Romanian National Bank preview: on autopilot for a while

The Romanian National Bank (NBR) will announce its latest policy rate decision on 7 August. We expect the key rate to be maintained at 7.00% with no forward guidance. A new Inflation Report will be approved and presented a few days later which should largely confirm the central bank's previous inflation forecasts

Mugur Isarescu, Governor of the National Bank of Romania
Mugur Isarescu, Governor of the National Bank of Romania

With the inflation dynamic largely matching the NBR’s expectations, the central bank’s focus might shift a tad from inflation to growth, with the latter starting to give more and more credible signs of slowing down rather abruptly. Having said that, there is actually not much that the NBR can do here on top of what has been done already, which was to allow a hefty liquidity surplus in the money market and make the deposit facility the de-facto policy rate. Given that there are still no depreciation pressures for the Romanian leu, it is likely the current policy stance will be extended well into the year-end.

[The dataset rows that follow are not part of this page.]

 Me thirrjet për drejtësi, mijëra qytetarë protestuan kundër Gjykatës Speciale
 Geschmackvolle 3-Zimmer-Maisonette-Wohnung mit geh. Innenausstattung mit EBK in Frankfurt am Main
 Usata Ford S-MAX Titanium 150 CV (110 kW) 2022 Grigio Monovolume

Persistent liquidity surplus

 - Source: NBR, ING
Source: NBR, ING

A new Inflation Report should reconfirm the previous forecasts

Maybe more interesting than the monetary policy decision itself will be the presentation of the May Inflation Report which should take place a few days later and incorporate the NBR’s latest inflation projections. It is most likely to be the second report in a row which doesn’t differ much from the previous forecasts. The NBR currently sees CPI inflation at 7.1% in December 2023 and 4.2% in December 2024, not far from our estimates of 6.9% and 4.1% respectively. We might see the official forecasts getting into the 1.5-3.5% target range at the end of the two-year forecast horizon, while in our scenario it looks most likely to hover around 4.0%. Moreover, core inflation could prove stickier and remain above the headline figure for most of this timeframe.

Stickier core inflation

 - Source: NSI, ING
Source: NSI, ING

We believe that the NBR will stay on course on 7 August and for the rest of the year, despite the more frequent dovish statements coming from other central banks in the region. We maintain our view of a first rate cut in the first quarter of 2024 with a key rate of 5.5% by the end of 2024. The easing cycle will be justified by the lower inflation but likely tempered by core and regional yields, as the interest rate differential cannot narrow excessively.

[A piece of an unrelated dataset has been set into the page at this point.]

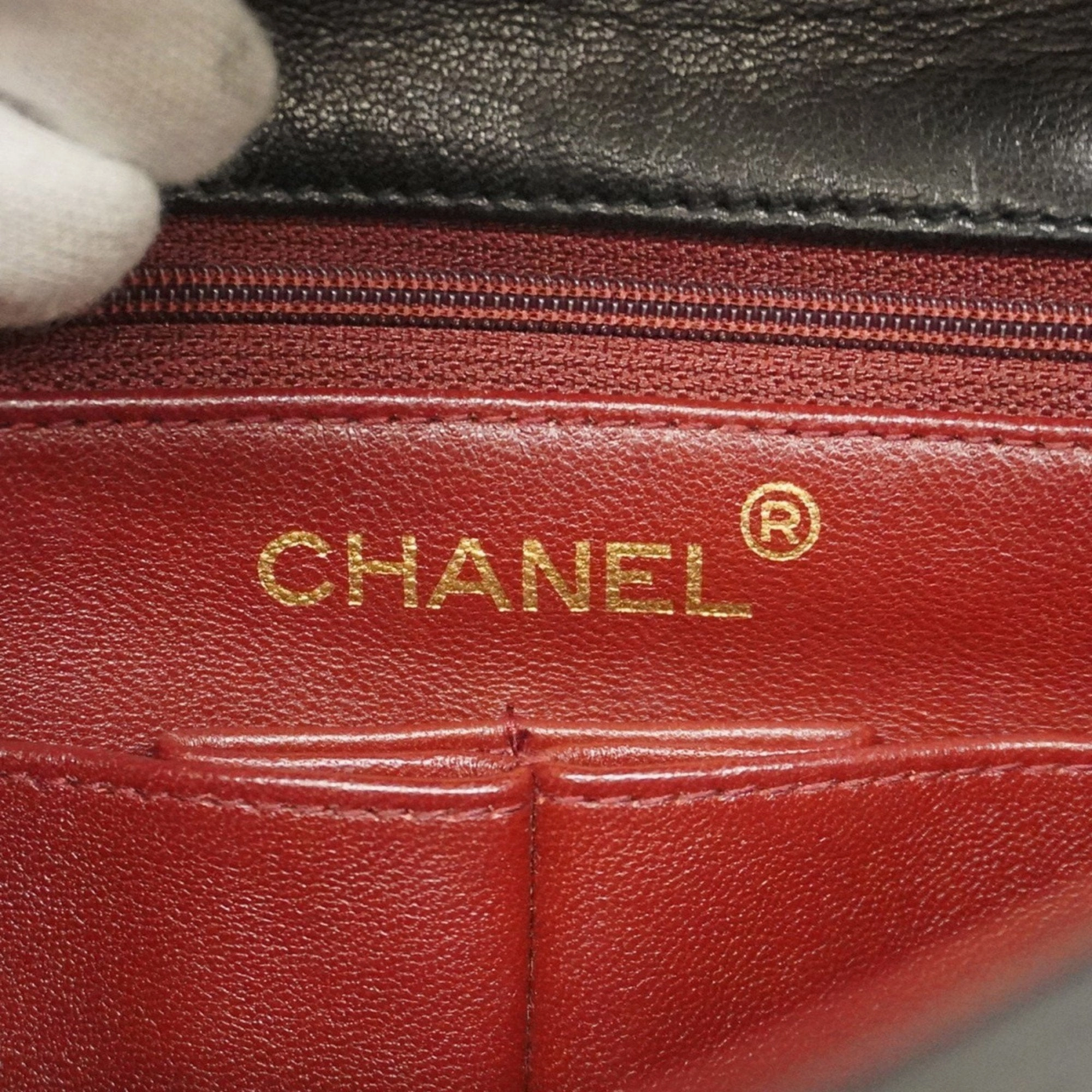 Chanel Leather Shoulder Bag (Pre-Owned)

On the domestic front, the new fiscal measures announced in order to contain the budget gap are unlikely to meaningfully change the situation on the issuance front, where the Ministry of Finance is in a comfortable position (more on this here).

What to expect in FX and markets

The liquidity surplus fell only marginally in June, remaining at a near-record RON25.2bn, indicating scant central bank activity. EUR/RON briefly broke through 4.920 last week, again likely due to high demand for Romanian government bonds (ROMGBs) and has been higher since but still well below any line in the sand set by the central bank. FX implied yields have also risen a bit in the last two months but still remain firmly anchored. We expect the NBR to take the opportunity to withdraw some liquidity from the market if EUR/RON moves higher. In the long term, we expect the NBR to move the bar up for EUR/RON at least once more and we should see the 5.02 level by the end of the year.

ROMGBs eased the pressure a bit in July and we see current valuations as more justified. The spread against Polish government bonds has returned above 100bps in the 10y tenor and even against other CEE peers, the levels seem more fair. The funding story remains unchanged. According to our calculations, the MinFin has secured about 82.5% of this year's planned issuance, the highest figure in the CEE region. We also saw strong activity in retail issuance in July, making the overall funding situation the best in the region. On the other hand, we see potential incoming problems on the fiscal side. The government is discussing further measures to improve the state budget and we should hear more in the coming days. Despite the fiscal issues, we should see a reduction in the supply of ROMGBs. However, we expect MinFin to want to stay on the safe side given the uncertainty and if market demand continues the MinFin will be open to issue more than indicated.